Berita duka itu dimuat oleh Harian Kompas pada 20 Desember 2016. Para pelaku yang melihat berita duka itu kemudian mencatat alamat Teng Ie Ie yang termuat. Berbekal alamat itu, para pelaku kemudian menelepon 108 untuk mendapatkan nomor telepon Teng Ie Ie.
Pagi itu, pelaku menelepon ke rumah Teng Ie Ie dan mengaku sebagai petugas Rumah Duka Jabar Agung Jelambar bernama Diki. Setelah mendapat nomor ponsel Teng Ie Ie dari penerima telepon, pelaku pun menelepon Teng Ie Ie untuk meminta uang pengurusan jenazah suaminya.
"Komplotan ini awalnya minta uang sejumlah Rp 40 juta dan disanggupi. Selanjutnya beberapa saat kemudian minta lagi Rp 20 juta. Tapi ketika minta lagi, korban tidak memberi," tutur Didi.
Teng Ie Ie saat itu mentransfer uang saat dalam perjalanan ke rumah duka menggunakan e-banking. Sesampainya di rumah duka, staf membantah ada karyawannya bernama Diki dan meminta uang.
Diki yang aslinya berinisial MT, adalah otak di balik komplotan ini. Ia berperan mengatur tugas rekan-rekannya. ASS bertugas mencari calon korban dengan cara melihat berita duka.
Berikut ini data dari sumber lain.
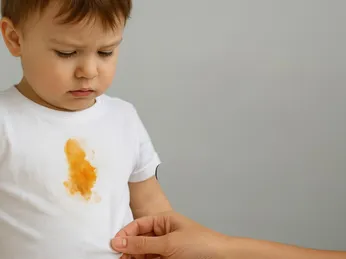 Mẹo xử lý vết bẩn cứng đầu trên quần áo trẻ em – Hiệu quả và an toàn cho bé
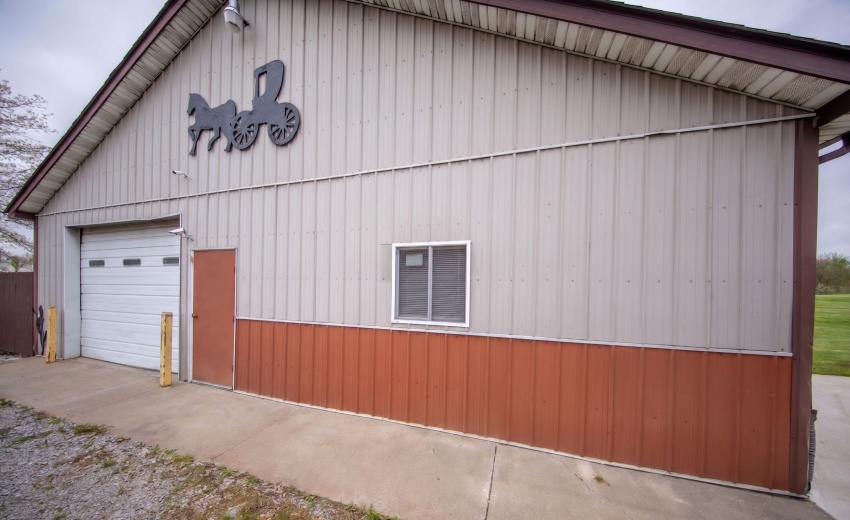 barn V2jpg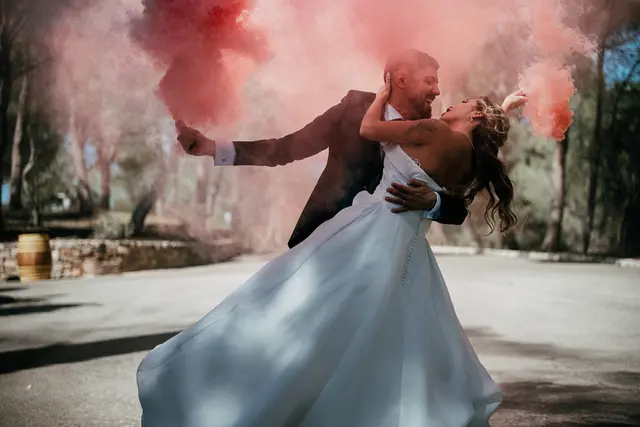 Boda de Ángela y Fernando en Bodegas Emilio Clemente sesion pareja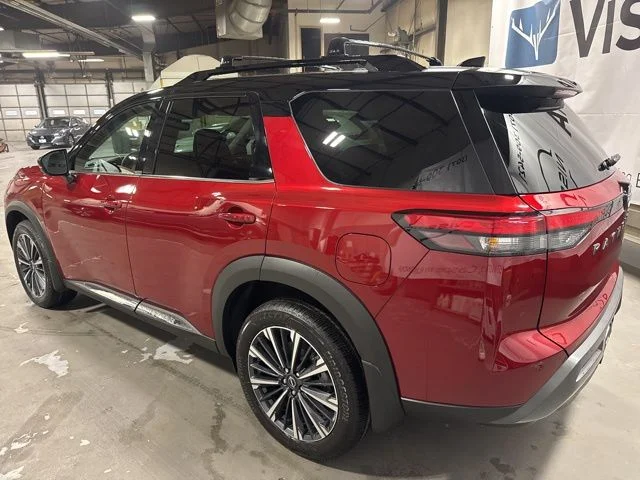 New 2026 Scarlet Ember Tintcoat / Super Black Two-tone Nissan Platinum image 6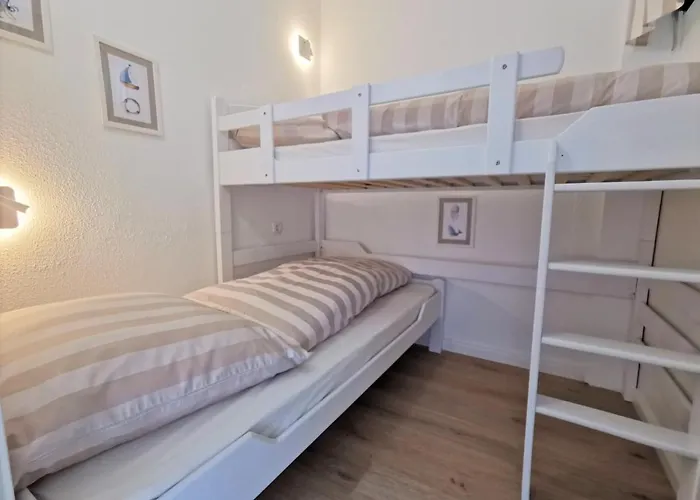 App 193 - Strandlage Strandkorb Sierksdorf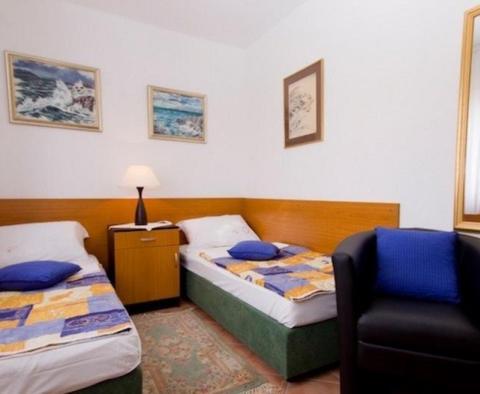 Krásný mini-hotel ve Vodicích s bazénem pro 5 ubytovacích jednotek, výhled na moře, Šibenik - pic 12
BH dan SA mencari nomor telepon rumah duka dan korban dengan menghubungi 108. Ada pula SAK yang bertugas menyediakan rekening dengan identitas palsu. Mereka dibekuk dengan puluhan kartu ATM, buku tabungan, ponsel, dan kartu SIM.
Hasil penipuan sebanyak Rp 40 juta rencananya dibagi rata ke seluruh anggota komplotan. Teng Ie Ie diduga bukan satu-satunya pelaku jika dilihat dari banyaknya rekening, ponsel, dan nomor telepon yang mereka miliki.
"Pengakuannya baru sekali, tapi akan kami selidiki lagi, karena ini temanya berubah-ubah, bukan hanya berkedok rumah duka," kata Didi.
Polisi masih mengembangkan kasus ini karena komplotan ini juga diduga terafiliasi dengan kelompok penipuan lainnya.
Polisi sementara ini menjerat mereka dengan pasal 378 KUHP tentang Penipuan juncto Pasal 55 dan atau Pasal 56 KUHP tentang bantuan melakukan kejahatan dan atau Pasal 480 KUHP tentang Penadahan dan atau Pasal 5 Undang-undang Nomor 8 Tahun 2010 tentang Tindak Pidana Pencucian Uang.
Atas perbuatannya, mereka terancam hukuman lima tahun penjara dan denda paling banyak Rp 1 miliar.